I think this data is a bit more representative of the data displayed in your plot:
set.seed(50)
QPA_G_Feb17 <- data.frame(density = c(rgamma(400, 2, 10),
rgamma(400, 2.25, 9),
rgamma(400, 5, 7)),
source = rep(c("Algae", "Biofilm", "Leaflitter"),
each = 400))
I find that when you are trying to do something complex or non-standard in ggplot, the best thing to do is calculate the data you wish to plot ahead of time. In this case, we can calculate the density curves and the cumulative densities, including their 0.025 and 0.975 quantiles, and putting them all in a data frame like this:
dens <- lapply(split(QPA_G_Feb17, QPA_G_Feb17$source),
function(x) density(x$density, from = 0, to = 1))

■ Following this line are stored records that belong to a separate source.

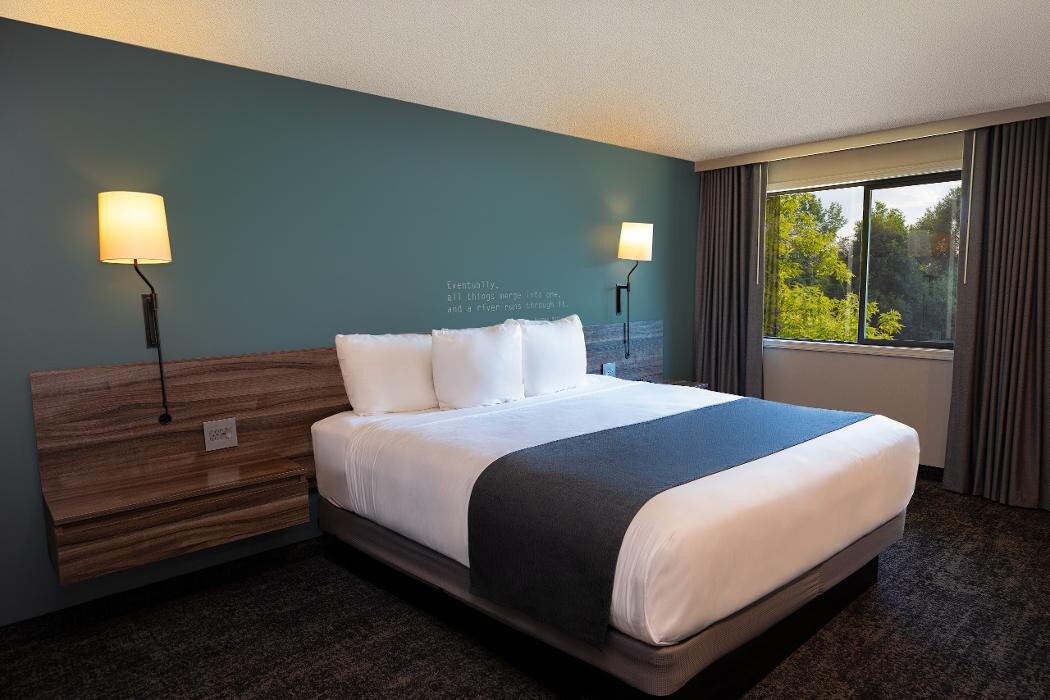 Images Ruby River Hotel | Spokane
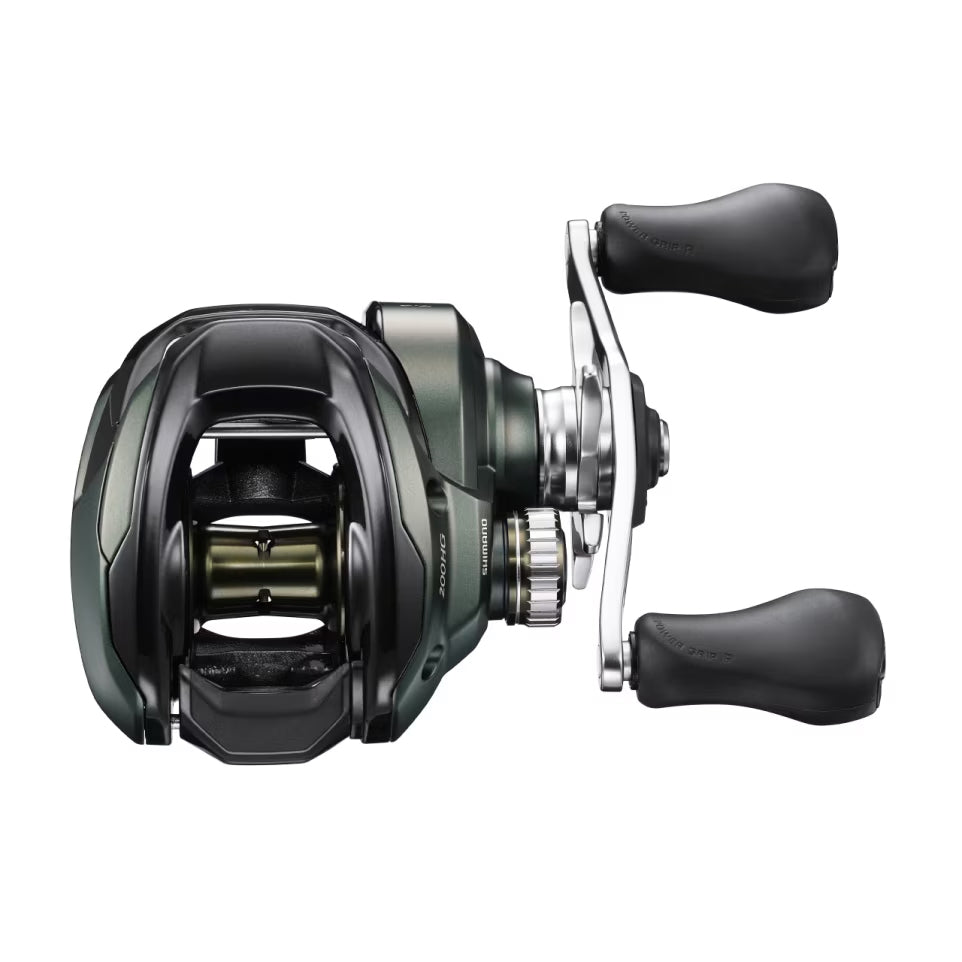 Shimano Curado M Top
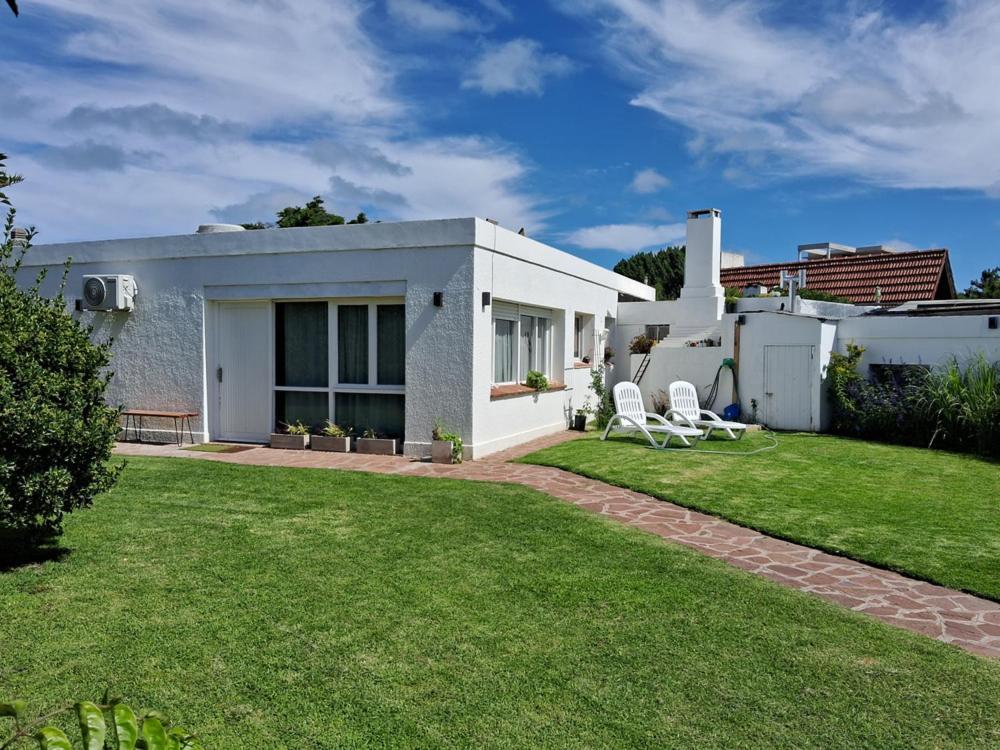 Casa Mare Villa Pinamar Exterior photo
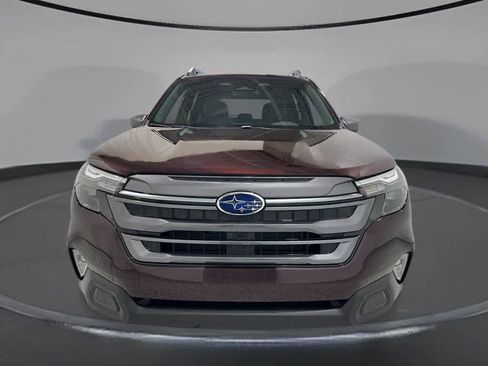New 2026 Subaru Forester Premium AWD/4WD image 8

df <- do.call(rbind, mapply(function(x, y) {
data.frame(x = x$x, y = x$y, source = y)
}, dens, names(dens), SIMPLIFY = FALSE))
df <- df %>%
group_by(source) %>%
mutate(cdf = cumsum(y * mean(diff(x))),
lower = cdf < 0.025,
upper = cdf > 0.975)
Now it is easy to plot using geom_area:
ggplot(df, aes(x, y, color = source)) +
geom_area(data = df[df$lower,], aes(fill = source), alpha = 0.5,
position = "identity") +
geom_area(data = df[df$upper,], aes(fill = source), alpha = 0.5,
position = "identity") +
labs(y = "Density", x = "Source contribution") +
geom_line(aes(linetype = source), size = 1.2) +
scale_fill_manual(values = c("#31a354", "#2c7fb8", "#d95f0e")) +
scale_color_manual(values = c("#31a354", "#2c7fb8", "#d95f0e")) +
scale_linetype_manual(values = c("solid", "dotted", "longdash")) +
theme_classic() +
ylim(0, 5) +
xlim(0, 1) +
theme(axis.text.y = element_text(size = 12, vjust = 0.5),
axis.text.x = element_text(size = 12, vjust = 0.5),
axis.title.x = element_text(size = 14),
axis.title.y = element_text(size = 14))
Here, the 2.5% and 97.5% extremeties of each density curve are shaded below each line. The exception is in the "Leaflitter` line, which clearly extends out of the 0-1 range that has been plotted in your example.